India’s energy transition has entered a decisive phase, and the Sustainable Harnessing and Advancement of Nuclear Energy for Transforming India (SHANTI) Bill, 2025, reflects that urgency. At a time when electricity demand is rising sharply due to industrial growth, urbanisation and digital expansion, the Bill seeks to reposition nuclear energy as a central pillar of India’s long-term clean power strategy rather than a marginal supplement.
For decades, nuclear power in India remained constrained by legacy laws, public-sector monopoly and slow capacity addition. Despite its advantages as a low-carbon, round-the-clock energy source, nuclear capacity accounts for less than 3 per cent of India’s total installed power base. The SHANTI Bill aims to change this trajectory by modernising the regulatory framework, enabling private participation under strict oversight and accelerating deployment of advanced nuclear technologies.
At its core, the Bill acknowledges a critical reality: renewables alone cannot sustain India’s future electricity needs. While solar and wind capacity has expanded rapidly, intermittency remains a structural limitation. Nuclear energy, with its ability to provide firm and predictable power, offers a stabilising counterbalance. The SHANTI Bill therefore treats nuclear not as a competitor to renewables, but as a complement that strengthens grid reliability while supporting India’s net-zero ambitions.
One of the Bill’s most significant aspects is its emphasis on innovation.
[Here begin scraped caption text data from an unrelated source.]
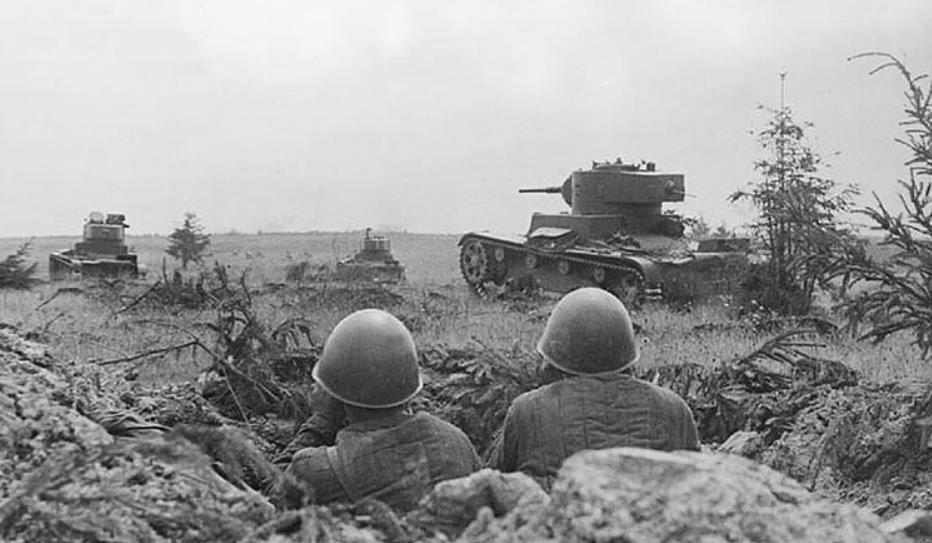 陸軍缺兵少將（羅科索夫榮升16集團軍司令，卻發現缺兵少將，到處撿人抵抗德軍）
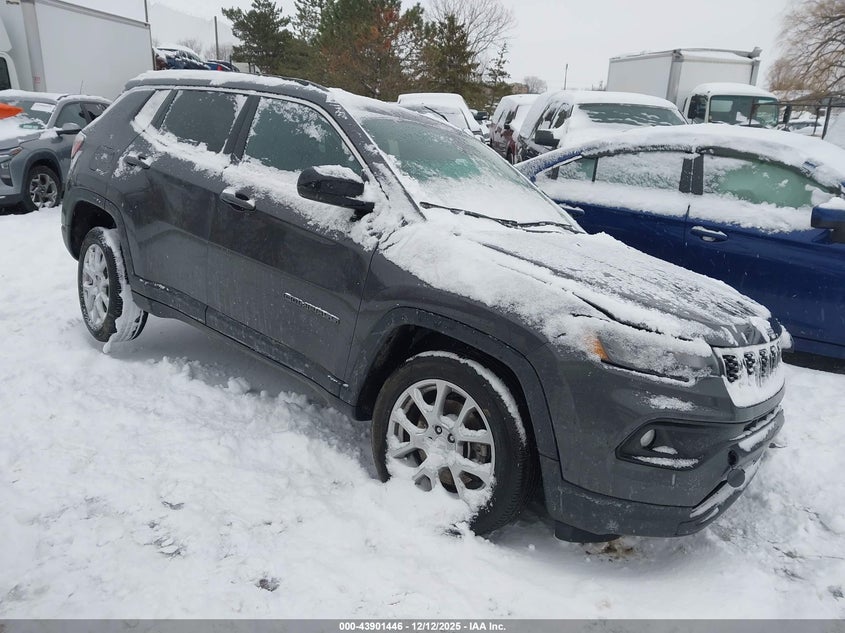 2024 Jeep Compass Latitude Lux Fwd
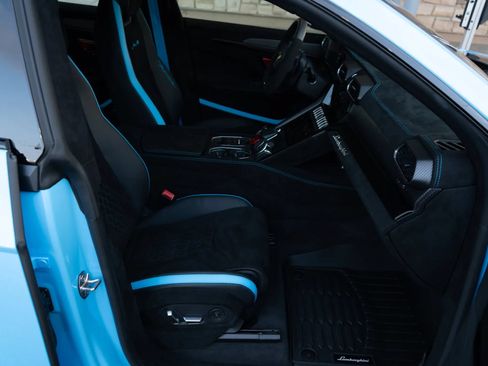 Used 2024 Lamborghini Urus Performante AWD/4WD image 64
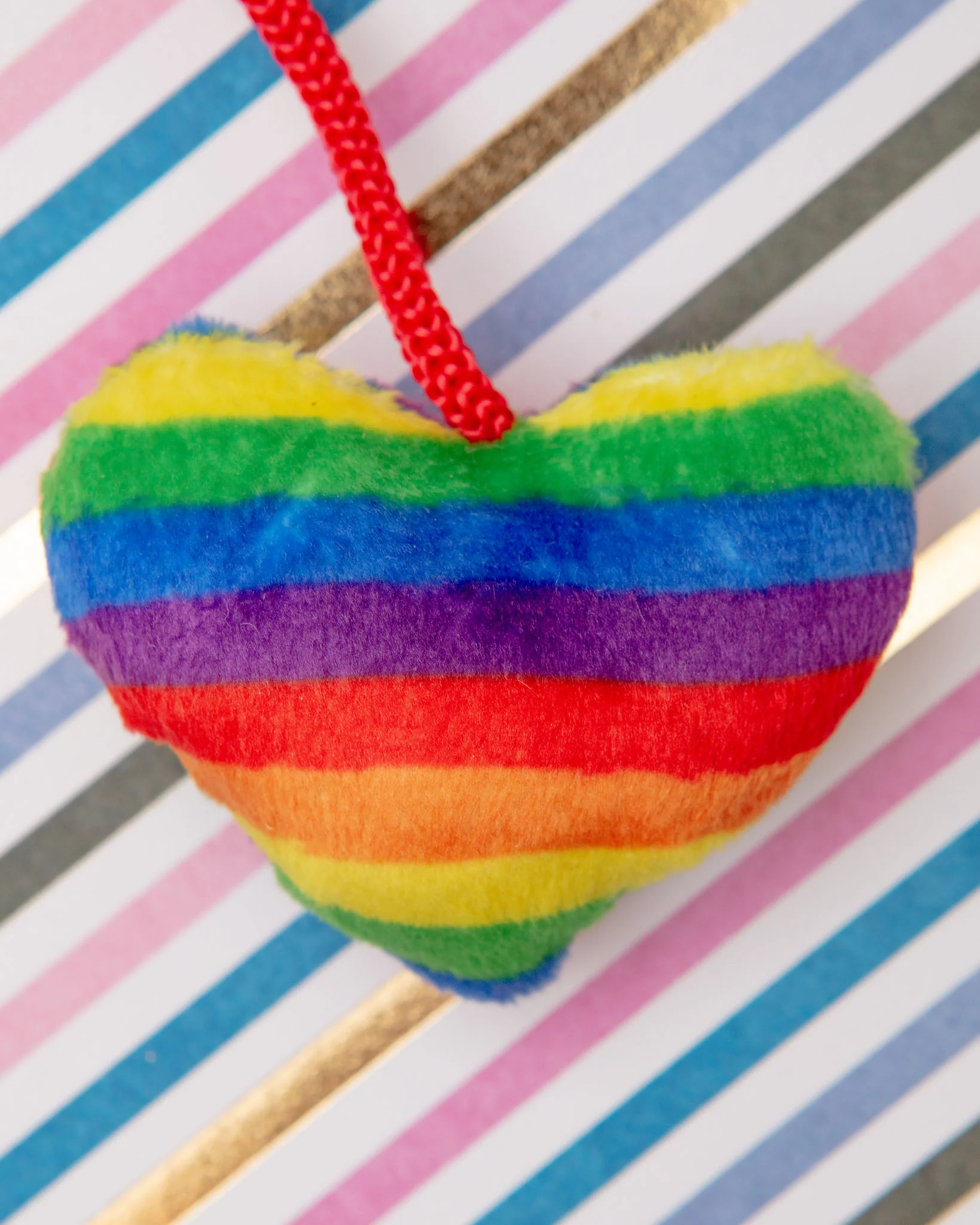 Pride Heart Strings Crinkle Plush Cat Toy w/ Catnip - Image 3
It encourages the adoption of next-generation reactors, including Small Modular Reactors (SMRs), which are faster to deploy, safer by design and suitable for industrial clusters, green hydrogen production and remote regions. By facilitating public–private partnerships in reactor construction and operation, the Bill aims to unlock capital, reduce project delays and bring global best practices into India’s nuclear ecosystem.
Equally important is the Bill’s focus on safety and governance. It reinforces regulatory independence, strengthens liability and waste-management provisions, and calls for greater transparency in nuclear operations. Public trust, often a barrier to nuclear expansion, is addressed through clearer accountability structures and improved communication on safety standards.
The SHANTI Bill also aligns nuclear development with India’s broader economic and strategic goals. Expanding domestic nuclear manufacturing could generate high-skilled employment, reduce import dependence and place India within global nuclear supply chains. With growing international interest in clean baseload power, India’s nuclear capabilities could eventually become an export asset rather than a domestic constraint.
Critically, the Bill reflects a shift in mindset. Nuclear energy is no longer viewed as an isolated sector governed by Cold War-era caution, but as a modern, indispensable tool for sustainable growth. The legislation recognises that energy security, climate commitments and industrial competitiveness must move together.
If implemented with regulatory rigour and institutional discipline, the SHANTI Bill, 2025, could mark the most consequential reform in India’s nuclear policy since independence. It has the potential to transform nuclear power from a peripheral contributor into a backbone of India’s clean energy future.